Earth Defense Force: Insect Armageddon – the PS3 Attitude review
Our last two reviewed games had depth, complexity and maturity (Deus Ex and L.A. Noire), but isn’t it true that some of the best games are the simplest? Overcooking can kill all the fun. Maybe all you need is an opportunity to shoot bugs with big weapons and to save Earth from invading alien forces. Maybe all you want is Earth Defense Force: Insect Armageddon.
Insect Armageddon’s concept is that simple. You, an EDF soldier called Lightning, must kill consecutive waves of alien bugs alongside his two soldier buddies. It has basic objectives (destroy anthills, get to the crash site) and a flimsy story (mad generals, suicide missions), but it’s really all about squatting bugs. It’s basically a horde mode spread out into a campaign.
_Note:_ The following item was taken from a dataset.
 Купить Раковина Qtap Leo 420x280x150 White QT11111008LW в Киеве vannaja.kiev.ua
Insect Armageddon lacks depth, but you expect that with games of this kind. The key thing you ask is: does the gameplay drag me back for more? Sadly it doesn’t; it’s tragically unremarkable. The problems begin with the weightless, unsatisfying weapons. Despite there being over 300 of them – including assault rifles, sniper rifles, energy weapons, grenade launchers, rocket launchers and missile launchers – it’s hard to find a weapon that has character.
Compare this to something like Bulletstorm, Gears of War or even Red Faction: Armageddon. Playing in each of their survival modes is satisfying because the weapons in each of the games are a pleasure to use. You’d get much more satisfaction from exterminating bugs in Insect Armageddon if you had Red Faction’s ‘magnet gun’ or Bulletstorm’s ‘penetrator’, that’s for sure.
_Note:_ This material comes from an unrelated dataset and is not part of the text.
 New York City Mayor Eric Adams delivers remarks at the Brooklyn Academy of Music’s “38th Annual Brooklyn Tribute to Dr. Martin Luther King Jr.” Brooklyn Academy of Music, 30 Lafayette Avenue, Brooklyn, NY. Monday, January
However, we’d be lying if we said we didn’t get any enjoyment out of Insect Armageddon, especially from fighting its bigger enemies. They really are big — we’re talking “cast a shadow over New Detroit” big — and we definitely felt smug the first time we destroyed one.
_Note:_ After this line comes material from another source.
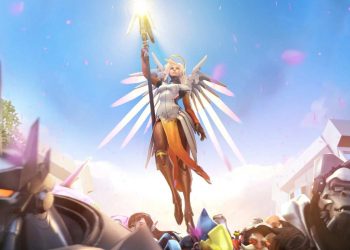 How to super jump as Mercy in Overwatch 2?
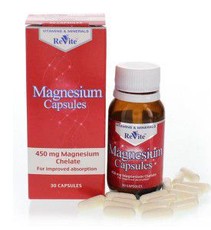 Revite Magnesium Capsules - 30's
The different armour options also add some flavour to the gameplay. There are four in total, including: trooper (an all-rounder), jet (can fly), tactical (can lay mines and turrets) and battle (slow but can use powerful weaponry). We had a lot of success using from using the battle armour, but we found the tactical option much more interesting. The mobility of the jet armour also offered some short-term thrills.
Upping the ant-e
Another problem with Insect Armageddon is that it rarely makes you feel under pressure, even though the team at Vicious Cycle are very good at filling maps with critters. The campaign starts with a decent amount of big ants, and soon their numbers increase; soon they are joined by big spiders, and then UFOs; big deadly wasps come next, and before you know it you’re fighting against giant robots called hectors and mile-high spider robots.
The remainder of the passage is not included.